After 11 starts and a couple of replacement runs, Kinghorn gets the nod in maybe the toughest away venue for Scotland in Europe, over surely the best Scottish 10 in a generation. It’s a pretty bold call.
Scotland have a summer tour to South America, so why now and not then?
— Steve Scott (@C_SScott) March 17, 2022
“We believe it’s the right time, the right time for the team and for Blair. He reminded us a couple of weeks ago of what he can do against Connacht and he came off the bench and did really well against Wales.
He will also kick goals, even though he hasn’t been doing so for Edinburgh. But is this part of a project or is this on merit?
“I look at it more in terms of what he can do to help us win,” said Townsend. “The more I’ve seen him play and train the more encouraged I am about him in that role. And there’s a lot more to come from him.
“We want to encourage his running game more. He is such a threat with ball in hand and such a good passer.
“Sometimes he gets the balance too much on passing rather than running but I felt in the last game he did that really well. He was a threat himself, he put others in space and he kicked well too.”
Edinburgh have been transformed with Kinghorn at 10, Townsend argues.
“I know people might not see Blair as a 10 because they’ve not seen him much there.
“But if a team has gone from scoring hardly any tries, certainly not recording bonus points, to regularly scoring tries and winning games with bonuses, then a lot of that is down to your 10.

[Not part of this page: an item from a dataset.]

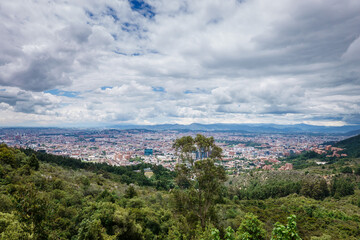 Fototapeta na wymiar Panorámica desde los cerros orientales de Bogotá DC, ciudad capital de Colombia Construcciones y edificios de la ciudad capital de Colombia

“What he’s doing to put others into space and to make the attack function well. Blair has to take massive credit for that.”
If he’s this good, why’s it taken so long to get him there?
— Gordon Reid (@GGreid87) February 26, 2018
“It’s only really been in the last year. The move to playing there at the end of last season, when Edinburgh started opening up their game much more – that gave me encouragement.
“The game has also changed too. For me, that position is now about someone who can run with the ball and pass with the ball, rather than what it was five or ten years ago when it was more about kicking.
“Kicking now is about attacking kicks as well, putting pressure on teams. And you see the best 10s in the world being able to do that.
“We’re fortunate that we have more than just Blair able to do that, but Blair’s strengths are more suited to the position now.
Is Finn out of form?
62 – Just one of Finn Russell's previous 62 caps for Scotland has come from the bench, a 26 minute appearance v Georgia in 2020, in what was his 50th cap for his country. Unfamiliar. pic.twitter.com/uQJCulO0bT
— OptaJonny (@OptaJonny) March 17, 2022
“Players’ form goes up and down. Teams’ form goes up and down. A lot of it is circumstances. Were you able to get into the game? Were you able to bring your strengths out? But that doesn’t concern me.
“What we see in training is the consistent ability of our players, in this case Finn and how well he trains. If you’re diligent and professional then you’ll get your reward for that, even if one game or one aspect of a game doesn’t go as well for you.”
Ireland will be a good measuring stick of where Scotland are
📋 𝐓𝐞𝐚𝐦 𝐀𝐧𝐧𝐨𝐮𝐧𝐜𝐞𝐦𝐞𝐧𝐭.
— Irish Rugby (@IrishRugby) March 17, 2022
“The 80 minutes is obviously just a fifth of the championship but it will be fresh in our minds. It will be part of our assessment of where we are, what we need to do and where we need to improve as we go into the summer and the following season.
“Ireland are going for the Triple Crown and are in such good form, having only lost one game this year and that was away to France in a close defeat.
“We’ve obviously had a couple of close games in the last two Six Nations. We’ll look at opportunities that we didn’t take.
“Ireland will pose similar threats in the areas that they’ve always been strong; in contact, the ability to go through phases, their set-piece, their kicking game and through the individuals they have in the team.
“But even more now, with their ambitious way of playing, it means more threats to our defence.”